As far as I guess there wont be any striking new components as its only in Indian website 6900 series cards can never come into play unless they fully refresh the configurations and same applies to Ivy bridge which is due for next year so now there can be i7-2670QM instead of i7-2630QM and i5-2430 instead of i5-2410


----------



## rahul3221 (Oct 1, 2011)

Hey guys.....
I have a problem....
I want to make a new partition of 300gb....
Currently my laptop has these partitions...
1.system reserved
2.C:
3.hp tools
4.recovery
as you can see that there are already 4 partitions...and if i try to make a new partition, it gives a warning that the disk will be converted from basic disk dynamic disk.....
now my question is if i create this new dynamic partition, will i be able to recover my laptop using recovery disk...or not...cuz i read somewhere that we should not convert a disk to dynamic...
P.S. I have already created my recovery disks....


----------



## marvelousprashant (Oct 1, 2011)

rahul3221 said:


> Hey guys.....
> I have a problem....
> I want to make a new partition of 300gb....
> Currently my laptop has these partitions...
> ...



Recovery discs may work however Recovery partition wont wotk


----------



## rahul3221 (Oct 1, 2011)

marvelousprashant said:


> Recovery discs may work however Recovery partition wont wotk



can you confirm that recovery discs wud work as i don't want to be troublesome in future for making a dynamic disk.

I went through great deal of problems in my old dv4 due to this dynamic disk issue, and i didn't had any recovery disc at that time.


*@all: Has anyone tried making dynamic disks partition and recovered successfully with help of recovery discs ???*


----------



## marvelousprashant (Oct 1, 2011)

Recovery discs work as I've read in threads. I've left them at my hostel so cant confirm. BTW you can download or buy win7 64bit and then use your own product key


----------



## amirtaraj (Oct 1, 2011)

rahul3221 said:


> can you confirm that recovery discs wud work as i don't want to be troublesome in future for making a dynamic disk.
> 
> I went through great deal of problems in my old dv4 due to this dynamic disk issue, and i didn't had any recovery disc at that time.
> 
> ...




Even if you delete or Format the entire hard disk you can use recovery disks to restore your computer back to factory setup.......


----------



## shahdhruv (Oct 2, 2011)

there is any problem in hp dv6 6121tx.
because of i want to buy one for me.

there is any graphics card issue or any problem with switch graphics
intel hd to ati 6770.

please tell me fast.
i want to buy laptop in 2 or 3 days.

thanks in advance.


----------



## sarathsnair (Oct 2, 2011)

Lucky_star said:


> After installation, ubuntu will automatically ask to activate unity (as the system hardware supports it). In older systems, that option won't come at all.

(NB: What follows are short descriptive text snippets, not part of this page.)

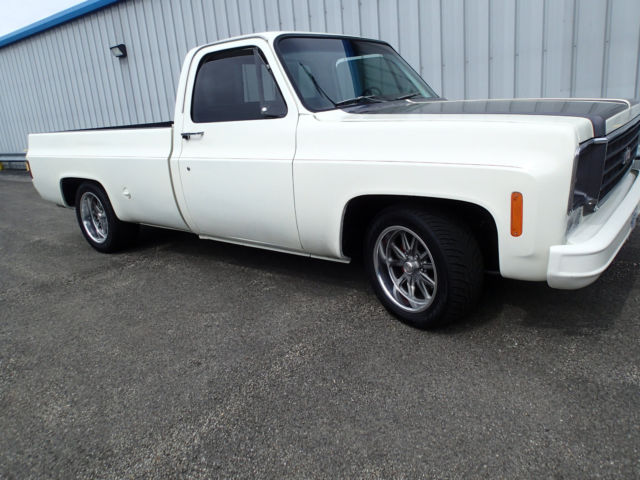 1976 Chevrolet Other Pickups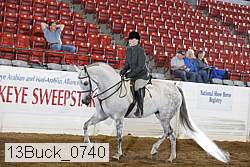 13buck_0740 proof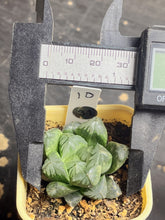 Load image into Gallery viewer, Haworthia
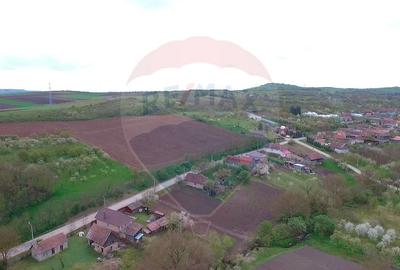 Teren intravilan de 34425 mp, în Bădeni - 13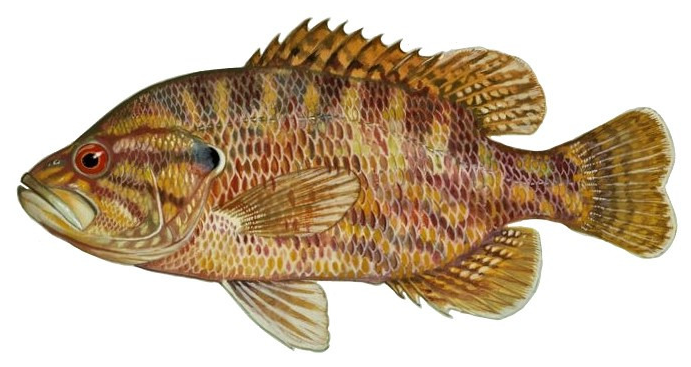 Lepomis gulosus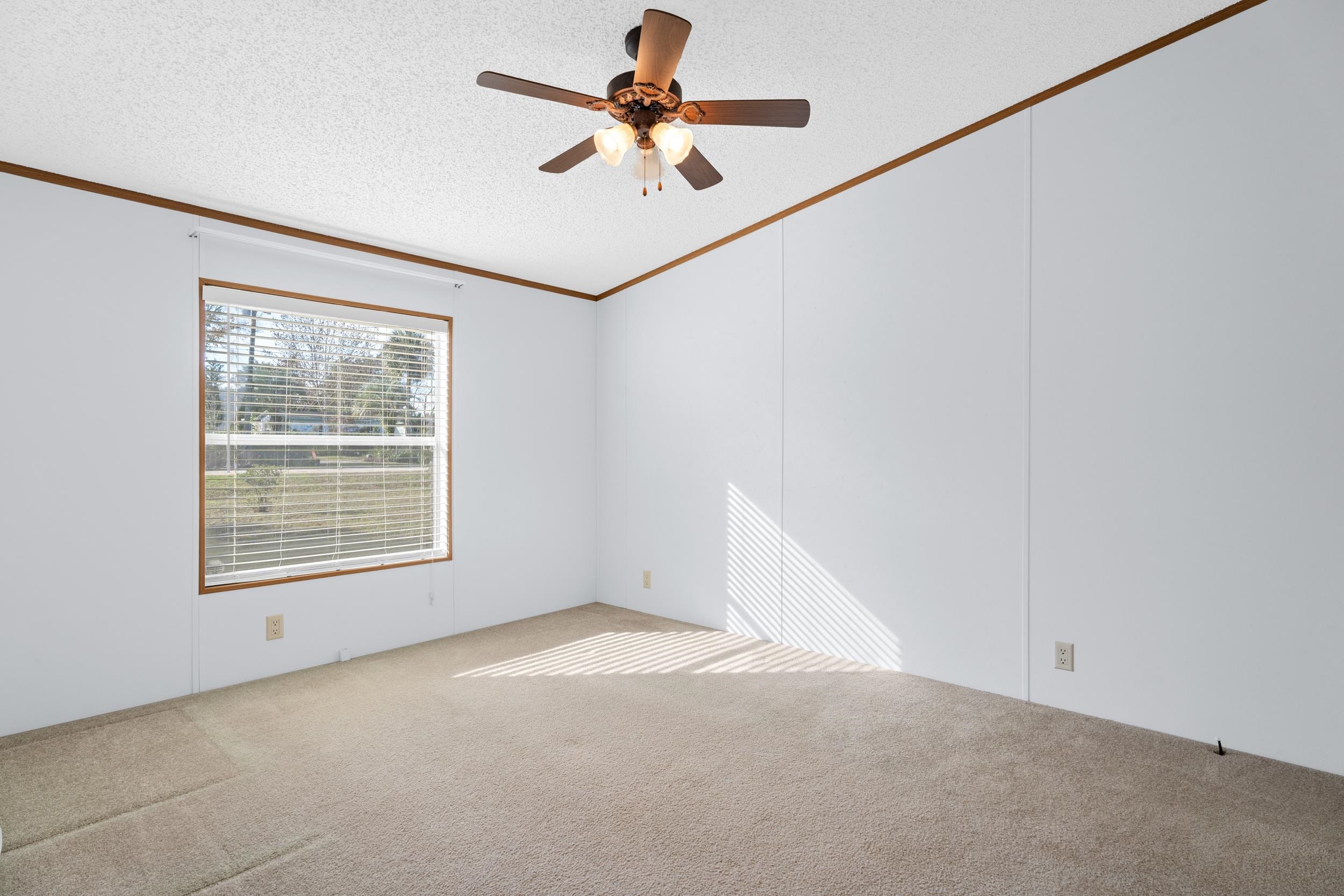 100 Musket Drive Satsuma, FL 32189 - Photo 3 of 33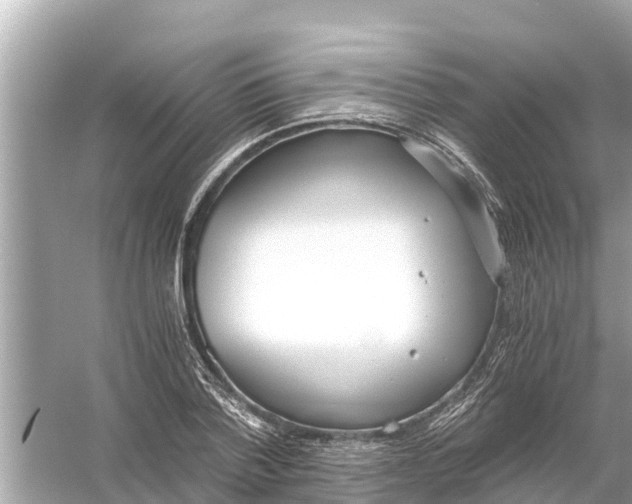 X0000056030788200509170035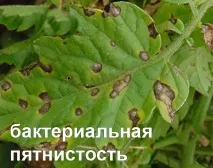 болести болести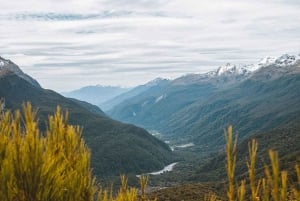 Fiordland: Routeburn Track and Key Summit Guided Day Walk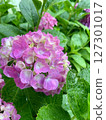  hydrangea 127301017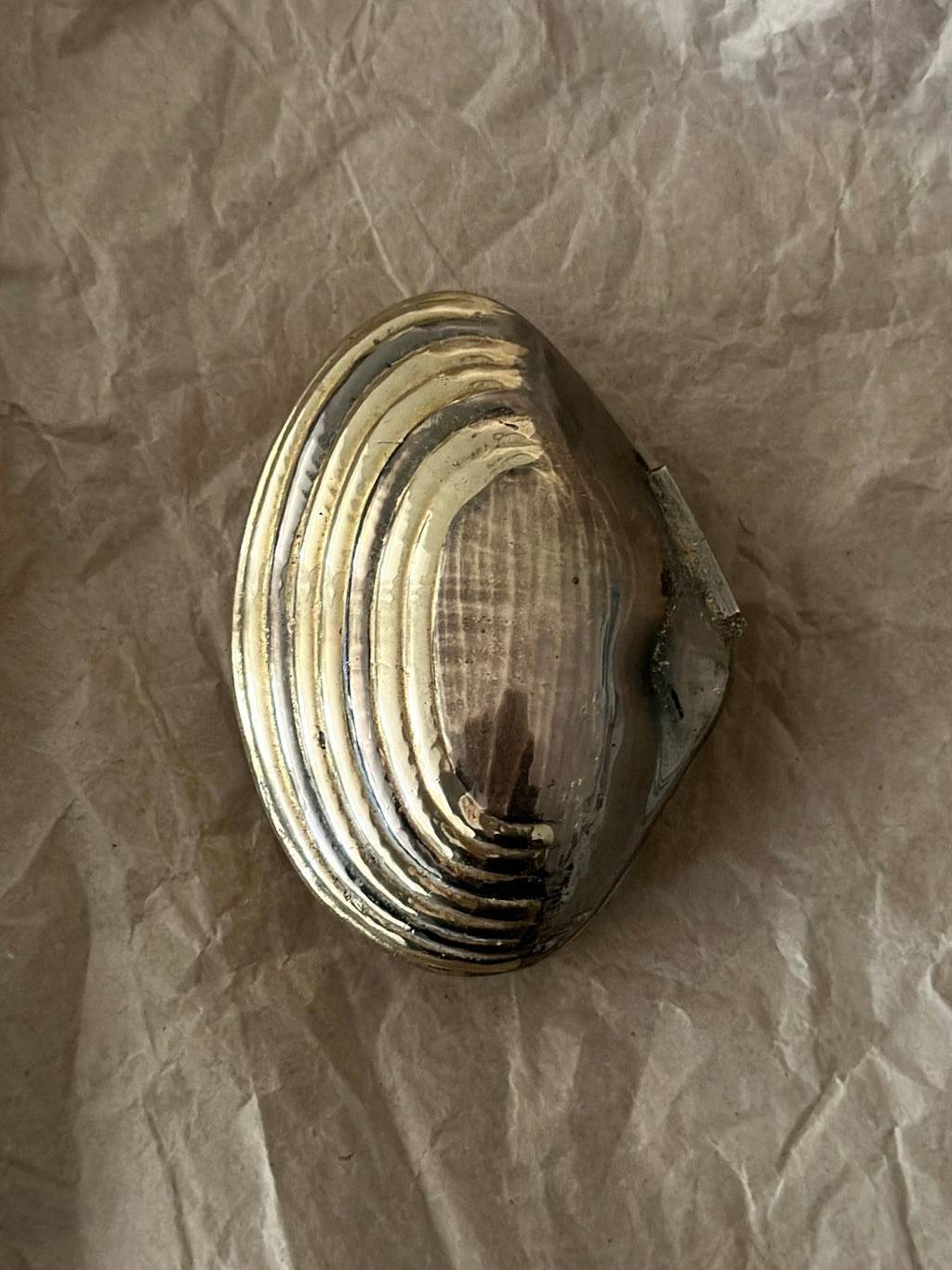 Vintage Shell-Shaped Box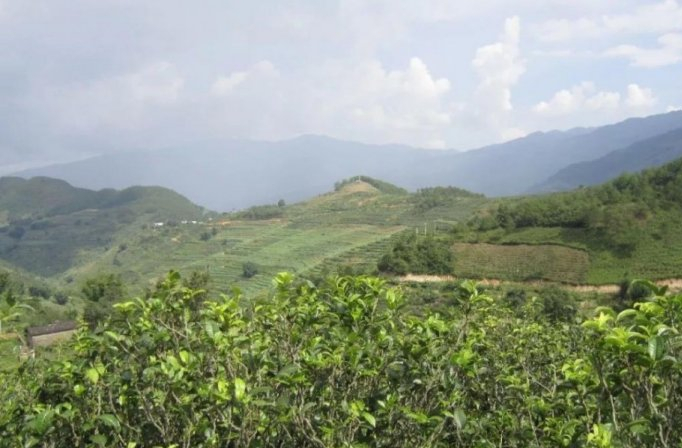 忙肺山古树茶有什么特点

i hav 6121tx. but after installation ubuntu says that i do not hav hardware for ubuntu and so it goes to classical desktop.
how can i solve his problem ?
 i also want to activate compiz visual effects
how ?
i have knoppix live cd, but it has these visual effects, but ubuntu did not . why ?


----------



## aniket.cain (Oct 2, 2011)

ivhere said:


> The are Going to End all Dv and G Series Product line and will soon introduce HP Essential and HP EliteBook Range in India also. They have already introduced these Product lines in US. Here is the link: HP laptop, netbook, notebook & tablet PCs | Official HP® Business Site



HP Essential and HP EliteBook have been in US for a very long time. These are not new models.


----------



## red dragon (Oct 2, 2011)

Very good move from hp,hope they get rid of the dv6 series soon and regain some lost market.
The elitebooks are fantastic.


----------



## marvelousprashant (Oct 2, 2011)

shahdhruv said:


> there is any problem in hp dv6 6121tx.
> because of i want to buy one for me.
> 
> there is any graphics card issue or any problem with switch graphics
> ...



Naah.. No problem



red dragon said:


> Very good move from hp,hope they get rid of the dv6 series soon and regain some lost market.
> The elitebooks are fantastic.



Thats a stupid move. Just look how many dv6 users are here. Around 2~3 guys joining every month in this forum means the sales are really good. i7 + 6770M is kickass for this price


----------



## CloudS (Oct 2, 2011)

dv6 must be HP's best selling laptops in its range as compared to their counter parts from other companies.
The website shows some q and g models and also written 'NEW'. Were they there before?


----------



## kaz (Oct 2, 2011)

CloudS said:


> dv6 must be HP's best selling laptops in its range as compared to their counter parts from other companies.
> The website shows some q and g models and also written 'NEW'. Were they there before?



q series?????

g6 & g4 series r there for around more than 1year..they r all compaq laptops..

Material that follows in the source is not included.